Oh Well, Whatever, Nevermind: Kurt Cobain's Childhood Home Is Up for Sale
Included with your investment: the Nirvana frontman's old mattress.

If you happen to be a prospective home buyer in Aberdeen, Washington, you might not, at first glance, find yourself terribly excited about the 1.5-story bungalow for sale on East 1st Street. The home was built in 1923. Its brick-red carpets are dingy. The wooden shingles that line its interior walls are water-stained. Save for a recent coat of yellow exterior paint, there's very little about the home that has been updated since its owners moved out of it several years ago. Its last appraisal set its value at $67,000.
The home, however, is listed for $500,000. Not because of what it is now so much as for what it once was: The little house in Aberdeen was once the home of Kurt Cobain. Before he became ... Kurt Cobain. The Nirvana frontman lived there between the ages of 2 and 9, from 1969 to until his parents divorced. He lived there again, with his mother, as a teenager -- until 1984.
Cobain's family has since left the house. And, though it was briefly lived in by a friend of the family four years ago, the place has been kept pretty much as it was when the Cobain-the-kid called it home. His room still has the stencil-like names of bands (Led Zeppelin, Iron Maiden) that he etched on its walls. Those walls still bear the nail-holes Cobain put in them. The house also features, apparently, both the dining room table and the hutch that decorated the home when Cobain lived there.

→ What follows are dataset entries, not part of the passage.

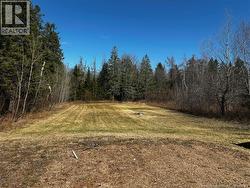 46 Ch Saint Paul Rogersville, NB E4Y 1W2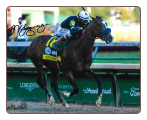 Authentic 2020 Kentucky Derby finish Photo Signed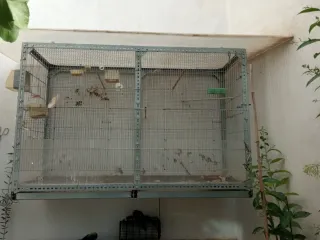 Jaula grande para pájaros con bandejas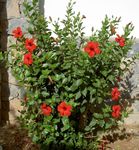 Photo Hibiscus, red shrub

The biggest thing? The house comes with Cobain's mattress -- stored, now, in an upstairs crawl space.
The house, in other words, is basically a frozen-in-time shrine to Cobain. It's located, the AP reports, "a short walk from a riverfront park dedicated to Cobain’s memory." (That would be the area around the Young Street Bridge, famous in Nirvana lore.) And now that the family has decided to sell the house -- they left Washington a while ago, and "feel it’s time to let go of the home" -- they're doing so with full knowledge that what they've just put on the market is not so much a house as a piece of music history.
And they're hoping, it seems, that the person or people who buy it will appreciate that. It's not a coincidence that the house is going up for sale at the time that marks the 2oth anniversary of Nirvana's final studio album. "The family," the AP notes, "said it would welcome a partnership to make the home into a museum."